=== Section Start ===

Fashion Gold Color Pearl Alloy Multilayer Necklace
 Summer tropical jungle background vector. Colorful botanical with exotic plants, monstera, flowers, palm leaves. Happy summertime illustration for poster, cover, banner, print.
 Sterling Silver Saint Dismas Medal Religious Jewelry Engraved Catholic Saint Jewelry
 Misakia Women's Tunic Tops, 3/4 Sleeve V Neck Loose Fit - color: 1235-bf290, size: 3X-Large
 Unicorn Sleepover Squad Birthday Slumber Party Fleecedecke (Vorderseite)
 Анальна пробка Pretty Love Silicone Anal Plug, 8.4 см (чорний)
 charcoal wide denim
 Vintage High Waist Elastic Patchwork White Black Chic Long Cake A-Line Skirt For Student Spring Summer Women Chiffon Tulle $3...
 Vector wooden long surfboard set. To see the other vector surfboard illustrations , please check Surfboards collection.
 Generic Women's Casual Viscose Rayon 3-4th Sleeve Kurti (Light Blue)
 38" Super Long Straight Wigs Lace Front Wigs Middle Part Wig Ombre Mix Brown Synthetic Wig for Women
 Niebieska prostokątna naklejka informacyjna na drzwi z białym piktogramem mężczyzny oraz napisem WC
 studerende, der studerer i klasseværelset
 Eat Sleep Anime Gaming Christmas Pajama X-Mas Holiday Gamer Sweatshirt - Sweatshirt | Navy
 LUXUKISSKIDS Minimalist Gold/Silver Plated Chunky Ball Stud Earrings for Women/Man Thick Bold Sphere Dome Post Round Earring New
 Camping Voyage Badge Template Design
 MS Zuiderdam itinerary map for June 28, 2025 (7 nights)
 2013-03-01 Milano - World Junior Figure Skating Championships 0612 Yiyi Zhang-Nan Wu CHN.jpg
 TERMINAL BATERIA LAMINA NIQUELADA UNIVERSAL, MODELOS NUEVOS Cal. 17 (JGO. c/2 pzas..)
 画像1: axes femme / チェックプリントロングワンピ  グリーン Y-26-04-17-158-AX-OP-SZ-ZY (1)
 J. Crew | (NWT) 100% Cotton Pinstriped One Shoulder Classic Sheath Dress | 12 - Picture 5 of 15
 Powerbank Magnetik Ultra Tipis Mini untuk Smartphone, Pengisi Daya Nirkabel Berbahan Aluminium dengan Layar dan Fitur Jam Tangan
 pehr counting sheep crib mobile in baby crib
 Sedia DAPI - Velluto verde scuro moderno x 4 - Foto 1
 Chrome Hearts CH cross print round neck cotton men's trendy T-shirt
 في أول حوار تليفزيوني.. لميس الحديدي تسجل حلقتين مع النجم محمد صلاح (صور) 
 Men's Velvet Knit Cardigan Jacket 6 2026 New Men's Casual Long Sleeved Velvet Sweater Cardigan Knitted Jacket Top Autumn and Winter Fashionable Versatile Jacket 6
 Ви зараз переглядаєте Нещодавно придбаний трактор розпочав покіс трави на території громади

=== Section End ===

▶ [Work task]:
From the entries, copy every line in which the string "Women" can be found.

▶ [Exercise response]:
 Misakia Women's Tunic Tops, 3/4 Sleeve V Neck Loose Fit - color: 1235-bf290, size: 3X-Large
 Vintage High Waist Elastic Patchwork White Black Chic Long Cake A-Line Skirt For Student Spring Summer Women Chiffon Tulle $3...
 Generic Women's Casual Viscose Rayon 3-4th Sleeve Kurti (Light Blue)
 38" Super Long Straight Wigs Lace Front Wigs Middle Part Wig Ombre Mix Brown Synthetic Wig for Women
 LUXUKISSKIDS Minimalist Gold/Silver Plated Chunky Ball Stud Earrings for Women/Man Thick Bold Sphere Dome Post Round Earring New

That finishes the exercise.